- _Problem requirements_:
Repeat all of the data word for word so that only the pictures are missing from the copy.

- _Available data_:
%%
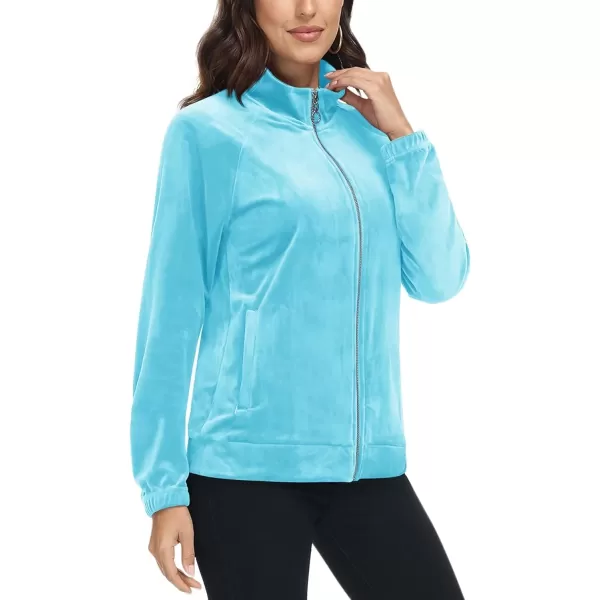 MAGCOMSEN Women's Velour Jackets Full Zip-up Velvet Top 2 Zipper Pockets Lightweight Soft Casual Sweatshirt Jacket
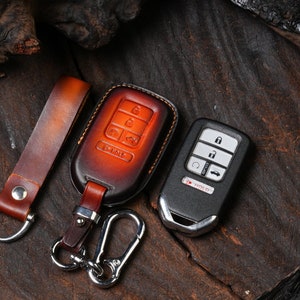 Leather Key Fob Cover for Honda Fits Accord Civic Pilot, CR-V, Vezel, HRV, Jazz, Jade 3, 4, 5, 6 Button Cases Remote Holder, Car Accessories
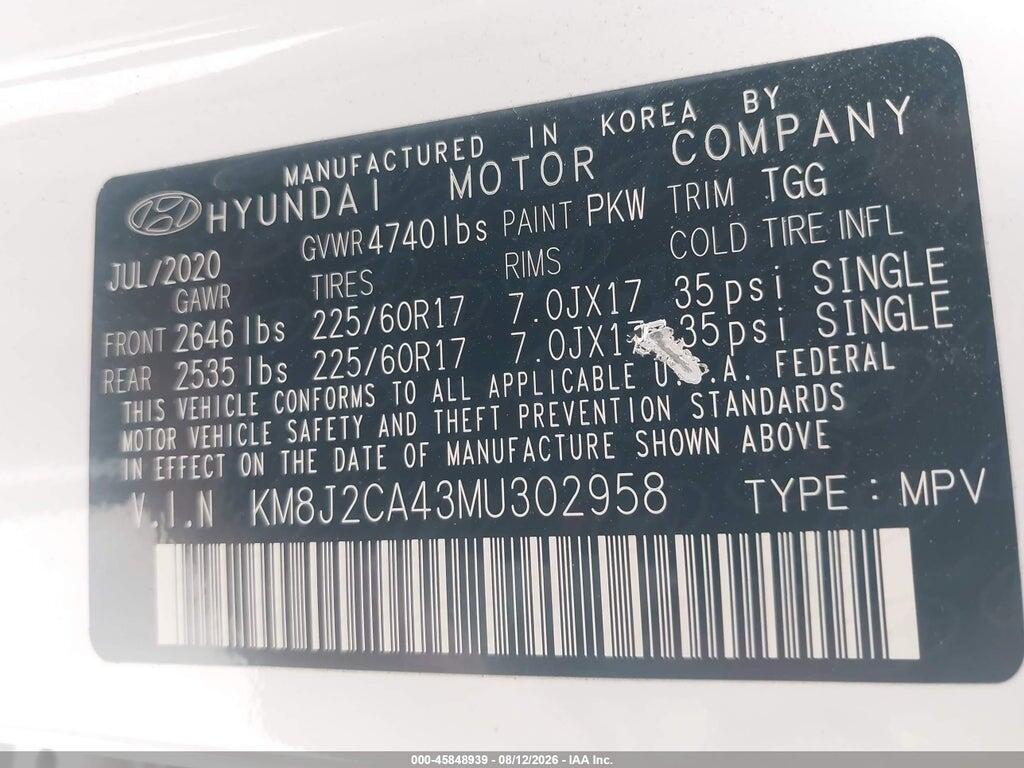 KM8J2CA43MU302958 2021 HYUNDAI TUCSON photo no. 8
%%
- _Response for this exercise_:
 MAGCOMSEN Women's Velour Jackets Full Zip-up Velvet Top 2 Zipper Pockets Lightweight Soft Casual Sweatshirt Jacket
 Leather Key Fob Cover for Honda Fits Accord Civic Pilot, CR-V, Vezel, HRV, Jazz, Jade 3, 4, 5, 6 Button Cases Remote Holder, Car Accessories
 KM8J2CA43MU302958 2021 HYUNDAI TUCSON photo no. 8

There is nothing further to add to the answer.